* **EXERCISE OBJECTIVE**
Take the line that contains "this 1270×952 image." in the data below and each line after it, through the last, and repeat them unchanged.

── INPUT FOR THIS TASK ──

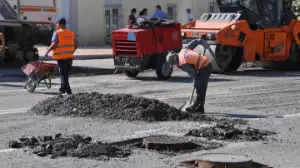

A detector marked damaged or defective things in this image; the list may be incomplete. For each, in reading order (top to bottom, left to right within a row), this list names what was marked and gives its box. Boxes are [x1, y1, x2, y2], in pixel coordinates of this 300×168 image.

pothole [185, 121, 276, 141]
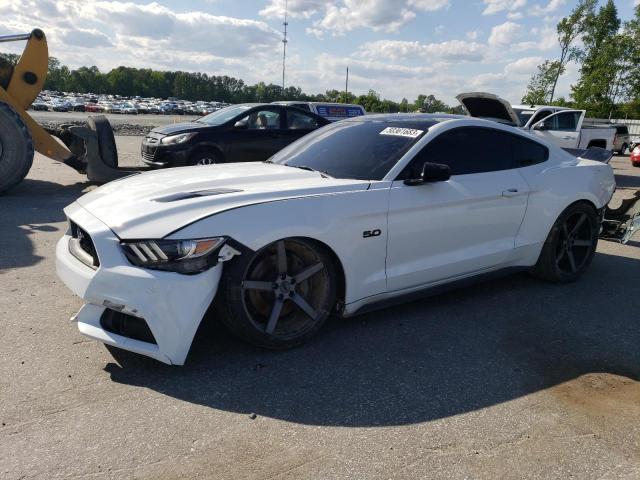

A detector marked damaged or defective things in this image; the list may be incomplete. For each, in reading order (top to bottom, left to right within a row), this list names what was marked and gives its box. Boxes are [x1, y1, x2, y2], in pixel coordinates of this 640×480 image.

detached bumper piece [600, 190, 640, 244]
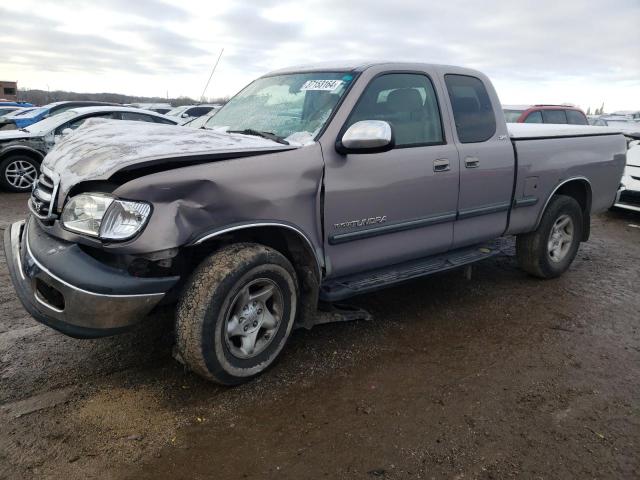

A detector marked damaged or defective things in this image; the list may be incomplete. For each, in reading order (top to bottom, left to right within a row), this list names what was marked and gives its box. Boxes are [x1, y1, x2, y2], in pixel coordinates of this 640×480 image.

cracked windshield [206, 71, 352, 142]
crushed hood [43, 119, 298, 200]
dented driver door [320, 63, 460, 278]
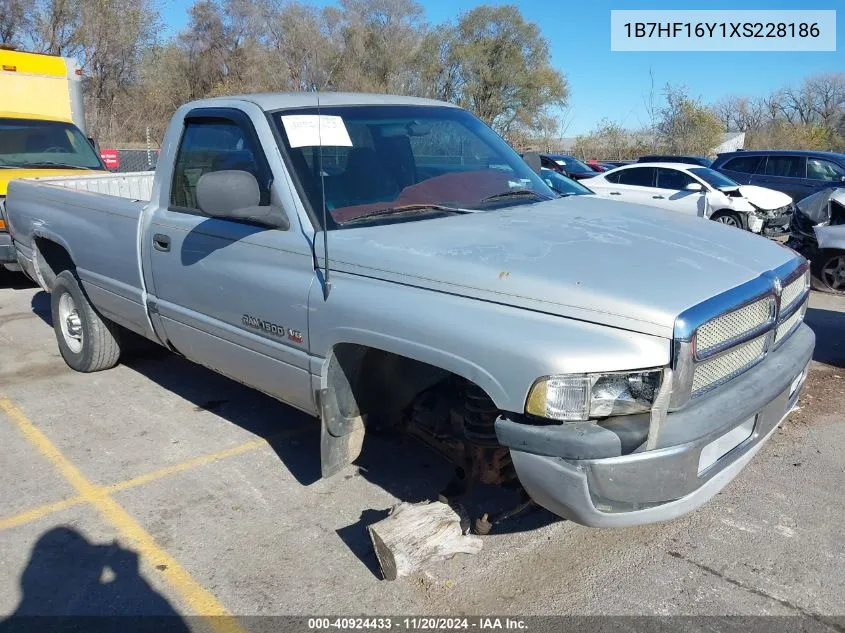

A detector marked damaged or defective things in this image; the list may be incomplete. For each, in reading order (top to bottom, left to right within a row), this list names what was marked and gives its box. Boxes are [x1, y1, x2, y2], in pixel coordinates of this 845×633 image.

damaged hood dent [326, 196, 796, 336]
damaged car [580, 162, 792, 236]
damaged car [784, 188, 844, 296]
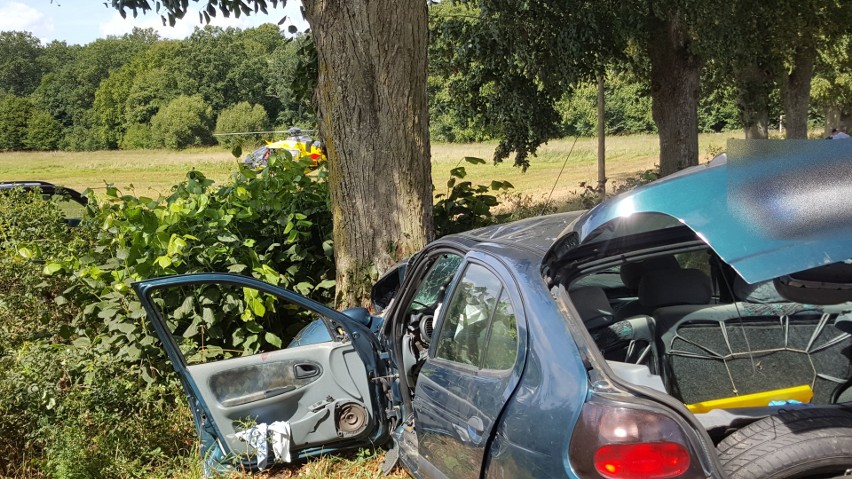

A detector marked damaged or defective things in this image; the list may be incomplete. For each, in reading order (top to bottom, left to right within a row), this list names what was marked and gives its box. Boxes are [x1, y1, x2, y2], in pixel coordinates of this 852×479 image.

crashed teal car [136, 140, 852, 479]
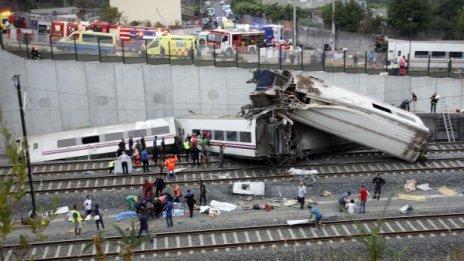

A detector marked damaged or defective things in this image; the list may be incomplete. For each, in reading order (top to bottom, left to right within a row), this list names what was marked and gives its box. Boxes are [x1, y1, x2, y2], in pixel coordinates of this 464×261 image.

crumpled train wreckage [241, 69, 430, 162]
broken train panel [246, 69, 432, 162]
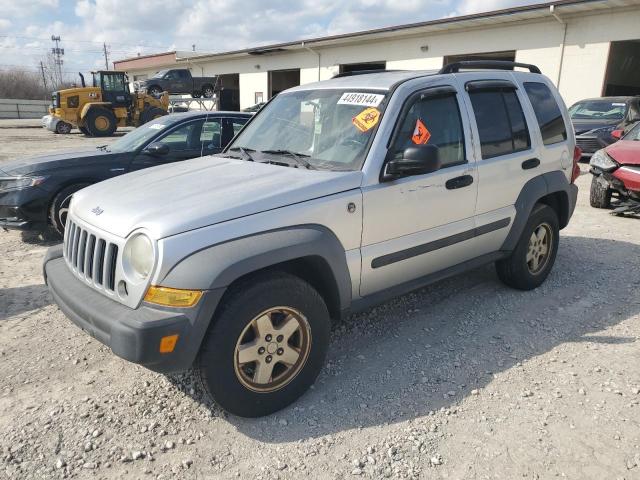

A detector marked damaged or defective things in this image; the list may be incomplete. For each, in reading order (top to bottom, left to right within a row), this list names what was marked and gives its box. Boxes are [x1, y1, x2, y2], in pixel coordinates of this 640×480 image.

damaged red car [592, 121, 640, 215]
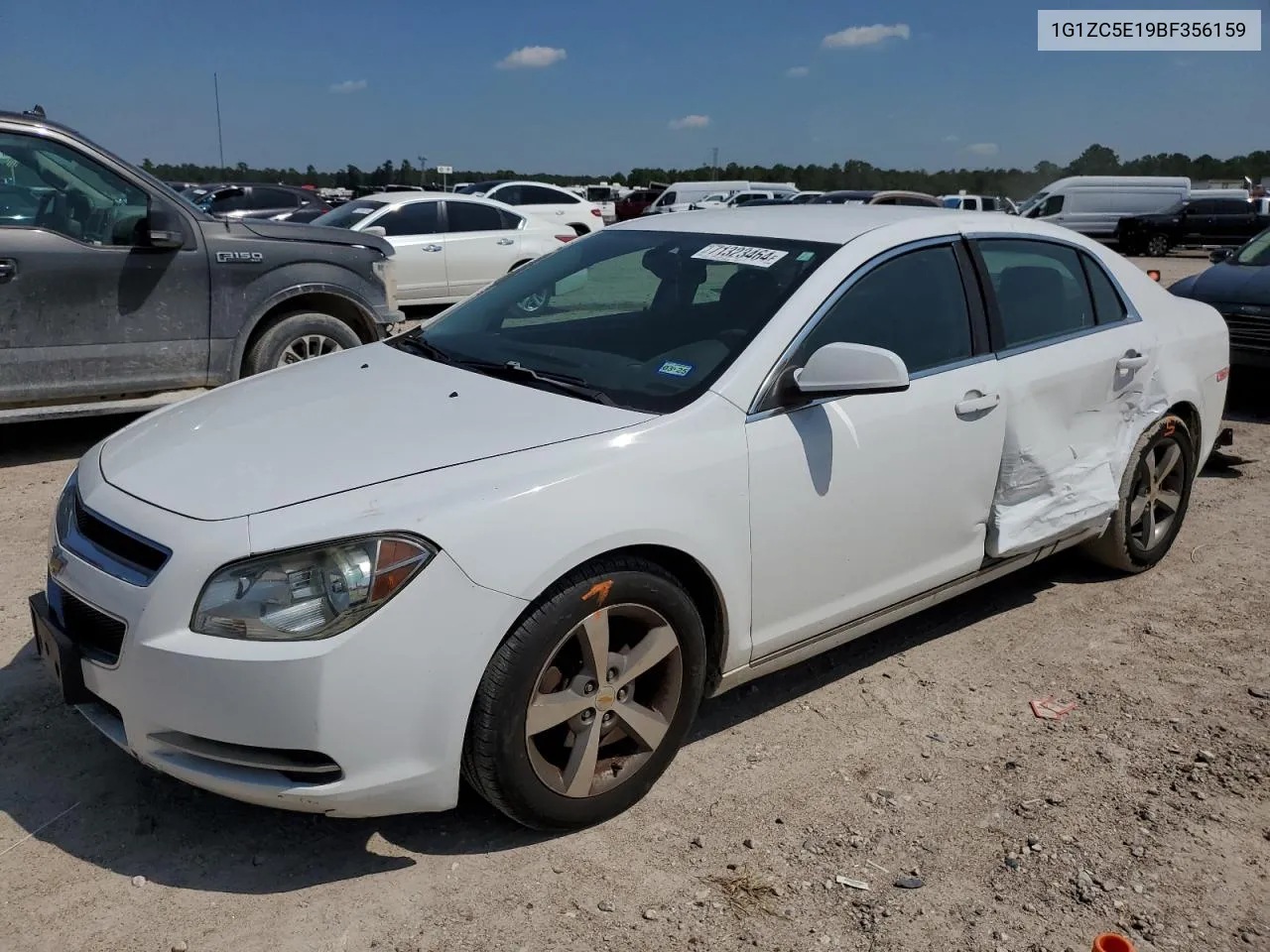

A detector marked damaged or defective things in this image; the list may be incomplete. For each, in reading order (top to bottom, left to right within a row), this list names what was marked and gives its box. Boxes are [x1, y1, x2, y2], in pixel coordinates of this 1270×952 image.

damaged white car [35, 206, 1229, 827]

───

* **TASK RESULT**
A detector marked damaged or defective things in this image; the list may be incomplete. For each, in reading order (top to bottom, left to right within a row), this list names what was marked and gives its box. Boxes are [x1, y1, x2, y2], in pixel coordinates of this 1270×952 image.

damaged white car [35, 206, 1229, 827]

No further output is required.